Open weights and licence
Both V4 tiers are released under the MIT License — one of the most permissive licences available — with weights published on Hugging Face and ModelScope. That means you can download, fine-tune, self-host and deploy DeepSeek V4 commercially without per-token API fees or usage restrictions. For teams with data-residency requirements or a need to avoid vendor lock-in, that is the model's biggest structural advantage over GPT-5.5 and Gemini 3.1, which are closed and API-only.
Who should use DeepSeek V4
- Cost-sensitive teams — V4-Flash at $0.14/$0.28 is among the cheapest capable models available.
- Anyone who needs to self-host — open MIT weights mean full control over deployment and data.

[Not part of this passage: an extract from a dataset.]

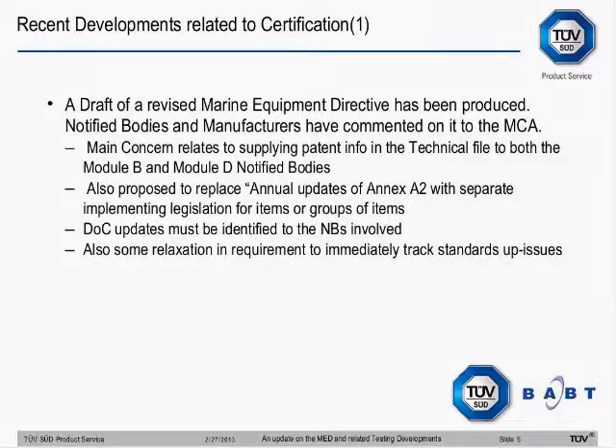What looks like good news is there seems to be in this draft a relaxation on the requirement to immediately track standards through up-issues. They seem to be talking about separating out requirements and test standards. If I'm reading it correctly, where there is an implementation date and a date of withdrawal of the previous version, in that transition period you'd be allowed to test to either version. When the transition period finishes, you'd have to test to the latest. That gives people a little more flexibility rather than suddenly having to switch the moment a standard gets issued.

- Coding and competitive-programming workloads — V4-Pro's SWE-bench and Codeforces scores are frontier-grade.
- Developers avoiding vendor lock-in — no API dependency, no per-token billing if you run it yourself.
It is a weaker fit if you need native video/audio multimodality (Gemini 3.1 leads there) or the deepest agentic-coding reliability inside a managed environment (GPT-5.5's Codex integration).
How DeepSeek V4 compares
- DeepSeek V4 vs GPT-5.5 — open weights vs flagship →
- GPT-5.5 ("Spud") overview →
- Gemini 3.1 Ultra overview →
- GPT-5.5 vs Gemini 3.1 Ultra →
Frequently asked questions
When was DeepSeek V4 released?
DeepSeek V4 was released on 24 April 2026 in two versions: DeepSeek V4-Pro and DeepSeek V4-Flash.
How much does DeepSeek V4 cost?
DeepSeek V4-Flash costs $0.14 per million input tokens and $0.28 per million output tokens. DeepSeek V4-Pro costs $1.74 per million input tokens and $3.48 per million output tokens.
Is DeepSeek V4 open source?
Yes. Both DeepSeek V4-Pro and V4-Flash are released under the MIT License, with weights downloadable from Hugging Face and ModelScope.
How big is DeepSeek V4-Pro?
DeepSeek V4-Pro has 1.6 trillion total parameters with 49 billion active, using a Mixture-of-Experts architecture. It is the largest open-weights model currently available. V4-Flash has 284 billion parameters with 13 billion active.
How good is DeepSeek V4 at coding?
DeepSeek V4-Pro scores 80.6% on SWE-bench Verified — within 0.2 points of Claude Opus 4.6 — and reaches a Codeforces rating of 3,206, the highest competitive-programming score of any model at its release.
What is DeepSeek V4's context window?
Both DeepSeek V4-Pro and V4-Flash ship with a 1 million token context window by default.